• **WHAT TO DO**:
Retype the whole of the data exactly.
SUPPLIED ENTRIES START
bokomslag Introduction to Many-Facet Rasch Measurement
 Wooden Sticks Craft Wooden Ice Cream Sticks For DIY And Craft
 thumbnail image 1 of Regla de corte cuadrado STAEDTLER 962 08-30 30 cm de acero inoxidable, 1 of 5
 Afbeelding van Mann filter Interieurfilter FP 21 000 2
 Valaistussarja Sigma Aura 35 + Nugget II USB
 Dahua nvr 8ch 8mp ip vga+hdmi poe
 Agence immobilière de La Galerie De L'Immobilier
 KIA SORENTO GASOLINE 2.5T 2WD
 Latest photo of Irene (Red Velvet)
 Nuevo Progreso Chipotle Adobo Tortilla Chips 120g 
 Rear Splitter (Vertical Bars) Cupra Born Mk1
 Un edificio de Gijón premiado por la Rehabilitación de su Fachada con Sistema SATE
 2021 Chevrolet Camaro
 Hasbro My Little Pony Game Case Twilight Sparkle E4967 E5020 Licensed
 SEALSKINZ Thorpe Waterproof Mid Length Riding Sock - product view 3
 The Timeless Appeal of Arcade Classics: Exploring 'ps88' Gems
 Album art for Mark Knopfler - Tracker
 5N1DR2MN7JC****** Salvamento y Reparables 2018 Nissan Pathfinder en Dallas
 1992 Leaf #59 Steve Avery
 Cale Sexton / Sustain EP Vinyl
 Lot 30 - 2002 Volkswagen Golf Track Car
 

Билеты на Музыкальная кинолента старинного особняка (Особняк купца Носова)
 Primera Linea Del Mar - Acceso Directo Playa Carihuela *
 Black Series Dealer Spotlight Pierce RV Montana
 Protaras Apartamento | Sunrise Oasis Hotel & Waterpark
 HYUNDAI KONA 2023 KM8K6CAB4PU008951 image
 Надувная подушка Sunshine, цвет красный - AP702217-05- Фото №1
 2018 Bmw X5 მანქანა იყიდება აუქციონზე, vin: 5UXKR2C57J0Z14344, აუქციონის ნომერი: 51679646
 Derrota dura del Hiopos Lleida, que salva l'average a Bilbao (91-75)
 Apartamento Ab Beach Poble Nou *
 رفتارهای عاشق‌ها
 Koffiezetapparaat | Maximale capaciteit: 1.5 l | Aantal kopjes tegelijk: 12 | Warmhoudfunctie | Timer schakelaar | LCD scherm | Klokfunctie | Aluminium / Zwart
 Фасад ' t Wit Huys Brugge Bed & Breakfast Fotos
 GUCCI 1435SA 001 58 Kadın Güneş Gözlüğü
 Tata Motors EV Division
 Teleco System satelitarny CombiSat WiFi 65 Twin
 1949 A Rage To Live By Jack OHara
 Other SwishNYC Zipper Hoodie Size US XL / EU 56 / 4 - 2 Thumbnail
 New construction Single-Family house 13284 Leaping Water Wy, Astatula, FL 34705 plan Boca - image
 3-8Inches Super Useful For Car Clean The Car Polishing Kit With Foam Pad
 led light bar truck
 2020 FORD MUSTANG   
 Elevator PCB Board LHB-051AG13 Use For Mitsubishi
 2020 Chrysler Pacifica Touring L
SUPPLIED ENTRIES END
• **YOUR RESPONSE**:
bokomslag Introduction to Many-Facet Rasch Measurement
 Wooden Sticks Craft Wooden Ice Cream Sticks For DIY And Craft
 thumbnail image 1 of Regla de corte cuadrado STAEDTLER 962 08-30 30 cm de acero inoxidable, 1 of 5
 Afbeelding van Mann filter Interieurfilter FP 21 000 2
 Valaistussarja Sigma Aura 35 + Nugget II USB
 Dahua nvr 8ch 8mp ip vga+hdmi poe
 Agence immobilière de La Galerie De L'Immobilier
 KIA SORENTO GASOLINE 2.5T 2WD
 Latest photo of Irene (Red Velvet)
 Nuevo Progreso Chipotle Adobo Tortilla Chips 120g 
 Rear Splitter (Vertical Bars) Cupra Born Mk1
 Un edificio de Gijón premiado por la Rehabilitación de su Fachada con Sistema SATE
 2021 Chevrolet Camaro
 Hasbro My Little Pony Game Case Twilight Sparkle E4967 E5020 Licensed
 SEALSKINZ Thorpe Waterproof Mid Length Riding Sock - product view 3
 The Timeless Appeal of Arcade Classics: Exploring 'ps88' Gems
 Album art for Mark Knopfler - Tracker
 5N1DR2MN7JC****** Salvamento y Reparables 2018 Nissan Pathfinder en Dallas
 1992 Leaf #59 Steve Avery
 Cale Sexton / Sustain EP Vinyl
 Lot 30 - 2002 Volkswagen Golf Track Car
 

Билеты на Музыкальная кинолента старинного особняка (Особняк купца Носова)
 Primera Linea Del Mar - Acceso Directo Playa Carihuela *
 Black Series Dealer Spotlight Pierce RV Montana
 Protaras Apartamento | Sunrise Oasis Hotel & Waterpark
 HYUNDAI KONA 2023 KM8K6CAB4PU008951 image
 Надувная подушка Sunshine, цвет красный - AP702217-05- Фото №1
 2018 Bmw X5 მანქანა იყიდება აუქციონზე, vin: 5UXKR2C57J0Z14344, აუქციონის ნომერი: 51679646
 Derrota dura del Hiopos Lleida, que salva l'average a Bilbao (91-75)
 Apartamento Ab Beach Poble Nou *
 رفتارهای عاشق‌ها
 Koffiezetapparaat | Maximale capaciteit: 1.5 l | Aantal kopjes tegelijk: 12 | Warmhoudfunctie | Timer schakelaar | LCD scherm | Klokfunctie | Aluminium / Zwart
 Фасад ' t Wit Huys Brugge Bed & Breakfast Fotos
 GUCCI 1435SA 001 58 Kadın Güneş Gözlüğü
 Tata Motors EV Division
 Teleco System satelitarny CombiSat WiFi 65 Twin
 1949 A Rage To Live By Jack OHara
 Other SwishNYC Zipper Hoodie Size US XL / EU 56 / 4 - 2 Thumbnail
 New construction Single-Family house 13284 Leaping Water Wy, Astatula, FL 34705 plan Boca - image
 3-8Inches Super Useful For Car Clean The Car Polishing Kit With Foam Pad
 led light bar truck
 2020 FORD MUSTANG   
 Elevator PCB Board LHB-051AG13 Use For Mitsubishi
 2020 Chrysler Pacifica Touring L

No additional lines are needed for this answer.